• What you need to do
Within the data that follows, set down exactly the lines from the one containing "Dakota Cotton Tie" through the one containing "VINTAGE Womens Loose", both ends included.

• Exercise data
-- Opening Marker --

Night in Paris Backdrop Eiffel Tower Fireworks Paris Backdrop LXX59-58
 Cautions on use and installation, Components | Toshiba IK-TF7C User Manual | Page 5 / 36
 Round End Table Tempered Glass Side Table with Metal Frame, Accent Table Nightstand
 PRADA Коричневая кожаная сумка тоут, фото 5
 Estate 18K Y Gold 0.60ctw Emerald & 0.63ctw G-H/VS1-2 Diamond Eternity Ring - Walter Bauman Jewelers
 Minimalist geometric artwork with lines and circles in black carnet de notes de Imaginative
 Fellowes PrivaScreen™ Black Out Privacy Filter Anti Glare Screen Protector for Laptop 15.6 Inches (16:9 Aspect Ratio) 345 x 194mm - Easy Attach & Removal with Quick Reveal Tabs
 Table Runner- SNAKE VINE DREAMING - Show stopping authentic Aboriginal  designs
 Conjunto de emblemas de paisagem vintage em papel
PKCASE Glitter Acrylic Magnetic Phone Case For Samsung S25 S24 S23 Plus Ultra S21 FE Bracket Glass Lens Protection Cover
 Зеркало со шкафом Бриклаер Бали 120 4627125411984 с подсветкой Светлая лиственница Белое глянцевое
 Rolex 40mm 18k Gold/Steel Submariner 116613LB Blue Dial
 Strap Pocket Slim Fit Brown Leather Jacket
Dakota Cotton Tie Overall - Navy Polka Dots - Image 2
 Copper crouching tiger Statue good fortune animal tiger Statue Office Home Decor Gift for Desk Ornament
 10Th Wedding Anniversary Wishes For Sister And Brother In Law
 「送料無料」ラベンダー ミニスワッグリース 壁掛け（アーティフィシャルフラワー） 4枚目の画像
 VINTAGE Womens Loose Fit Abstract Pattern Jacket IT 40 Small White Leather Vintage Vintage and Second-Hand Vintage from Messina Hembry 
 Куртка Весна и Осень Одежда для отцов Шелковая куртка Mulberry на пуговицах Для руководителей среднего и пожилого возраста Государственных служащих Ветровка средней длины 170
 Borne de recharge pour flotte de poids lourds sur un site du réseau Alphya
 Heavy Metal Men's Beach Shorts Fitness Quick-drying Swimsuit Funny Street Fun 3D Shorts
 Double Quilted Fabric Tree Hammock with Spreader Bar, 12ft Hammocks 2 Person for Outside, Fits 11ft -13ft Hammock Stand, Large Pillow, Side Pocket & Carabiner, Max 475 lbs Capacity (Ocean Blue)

-- Closing Marker --

• Result for this task
Dakota Cotton Tie Overall - Navy Polka Dots - Image 2
 Copper crouching tiger Statue good fortune animal tiger Statue Office Home Decor Gift for Desk Ornament
 10Th Wedding Anniversary Wishes For Sister And Brother In Law
 「送料無料」ラベンダー ミニスワッグリース 壁掛け（アーティフィシャルフラワー） 4枚目の画像
 VINTAGE Womens Loose Fit Abstract Pattern Jacket IT 40 Small White Leather Vintage Vintage and Second-Hand Vintage from Messina Hembry 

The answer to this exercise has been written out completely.